La plupart des gens connaissent son nom, mais pas son prénom.
Dans le fond, qu’est-ce qui gêne vraiment? Le fait qu’il joue pour les Reds? Les balles dopées qui faussent la donne? Pas sûr, on s’excite bien pour les bombes de Pete Alonso ou de Bellinger, voire celle de Vlad Jr. Mettez-lui un pyjama rayé du Bronx et Mr. Suarez aura surement sa face sur une pub géante en plein Times Square.

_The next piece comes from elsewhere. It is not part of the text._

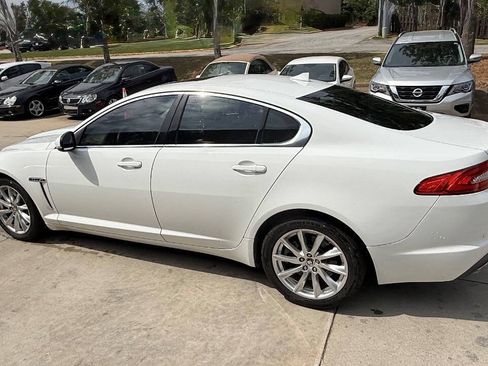 Used 2013 Jaguar XF RWD image 33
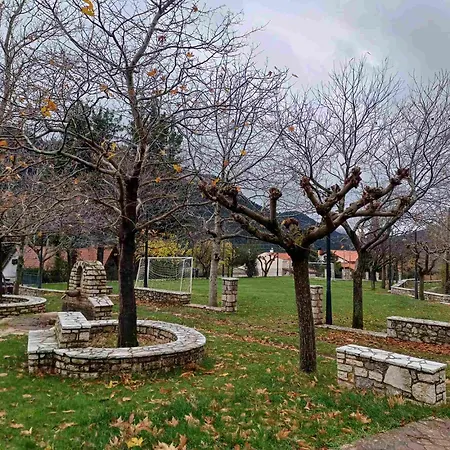 Chalet Vrachni Stone House *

Mesdames et messieurs, il va falloir vous y faire. Suarez est bel et bien de la partie.
Le joueur des Reds est devenu le premier joueur vénézuélien à frapper 47 longues balles depuis Andres Galarraga, le Big Cat, bien connu des partisans des Expos. Suarez ne cache pas sa fierté et il a bien raison.
« Je n’ai pas de mots, c’est juste fantastique. C’est un grand honneur pour moi d’égaler le record d’un joueur comme Andres Galarraga. Je suis fier de moi-même. J’ai travaillé très fort pour en arriver là. » – Eugenio Suarez.
47 homeruns, 100 RBI et toujours aussi peu d’engouement médiatique. On vit vraiment dans un monde étrange. Le Tweet qui suit en dit long.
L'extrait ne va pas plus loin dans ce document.